_To do_
Keep the pictures out and restate every record exactly.

_Material supplied_
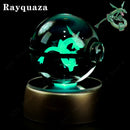 Luminária Pokébola 3D CristalLuz — A Esfera de Vidro que Acende com o Personagem Dentro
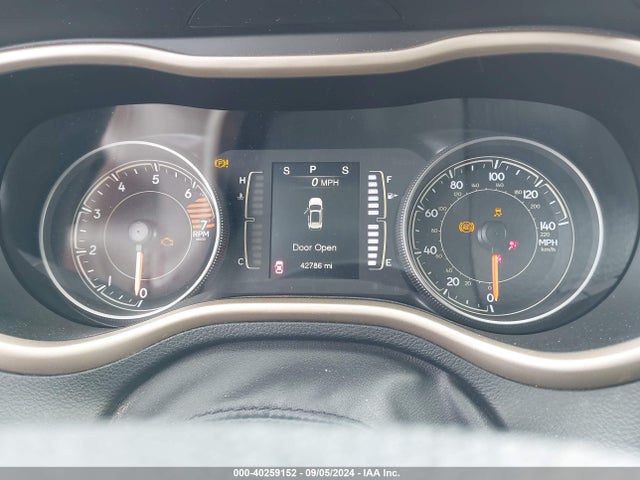 1C4PJLCB8JD596124 Jeep Cherokee Latitude Fwd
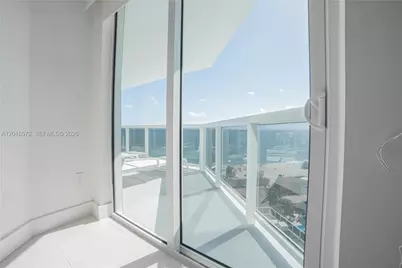 6301 Collins Ave #1102, Miami Beach, FL 33141 - Photo 15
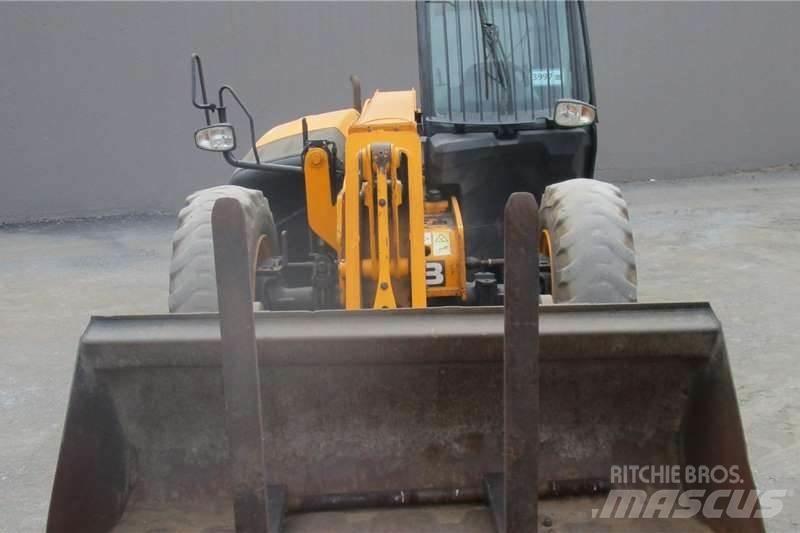 JCB 541-70 Další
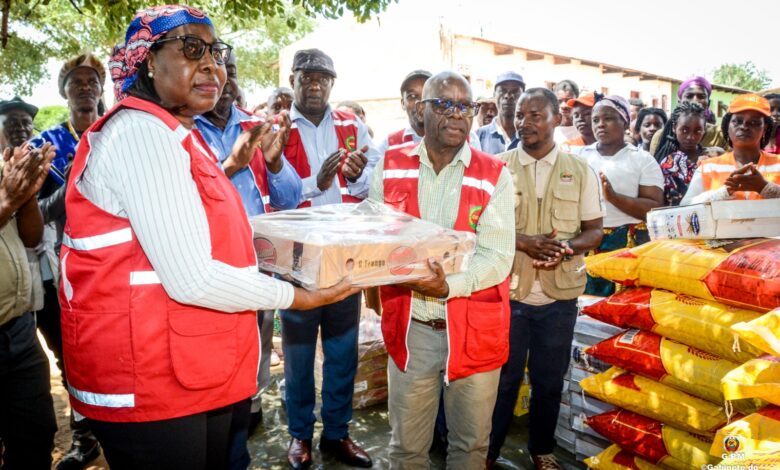 ÀS VÍTIMAS DAS CHEIAS EM BOANE: Primeira-ministra oferece produtos alimentares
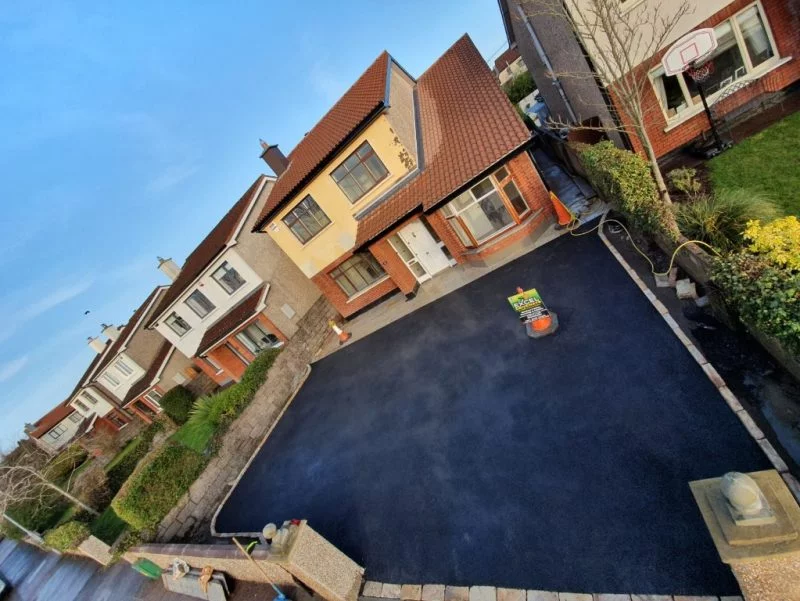 Asphalt Driveway with Sandstone borders in Rossbrook (2)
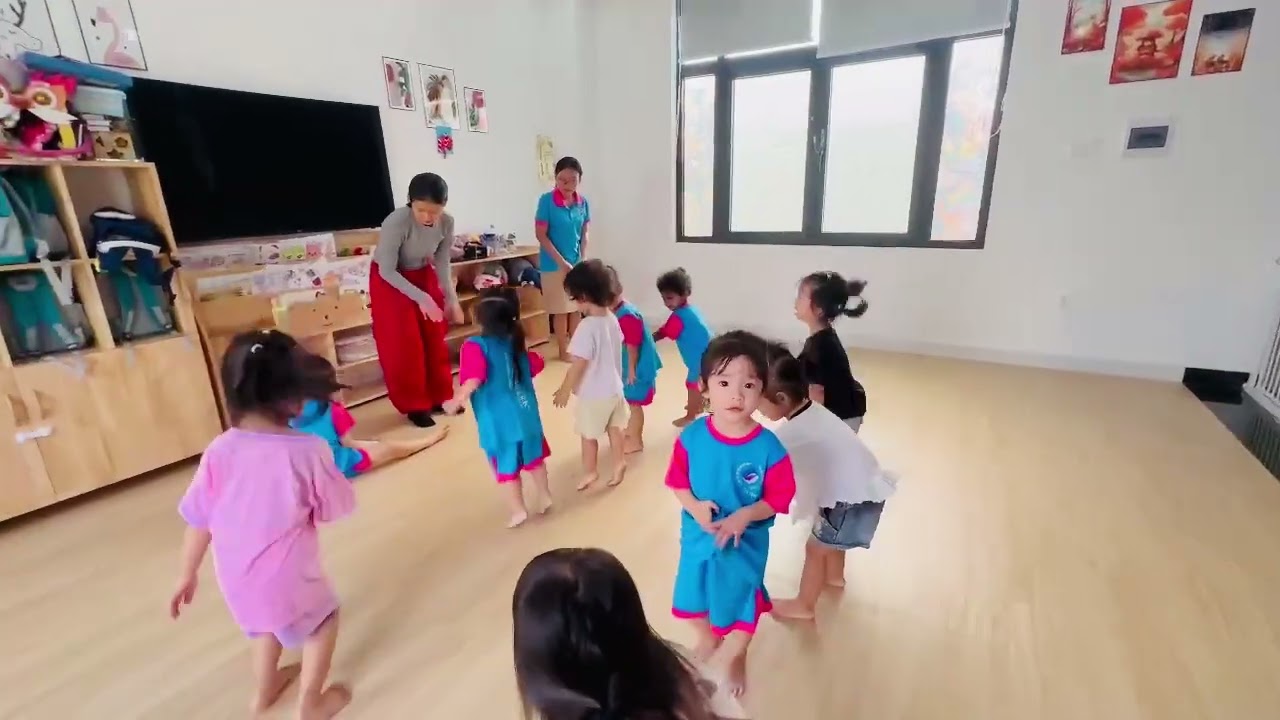 🐧🌸 DANCING TO WELCOME SPRING & TET WITH SEALLY CLASS 🌸🐧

_Solution for this exercise_
 Luminária Pokébola 3D CristalLuz — A Esfera de Vidro que Acende com o Personagem Dentro
 1C4PJLCB8JD596124 Jeep Cherokee Latitude Fwd
 6301 Collins Ave #1102, Miami Beach, FL 33141 - Photo 15
 JCB 541-70 Další
 ÀS VÍTIMAS DAS CHEIAS EM BOANE: Primeira-ministra oferece produtos alimentares
 Asphalt Driveway with Sandstone borders in Rossbrook (2)
 🐧🌸 DANCING TO WELCOME SPRING & TET WITH SEALLY CLASS 🌸🐧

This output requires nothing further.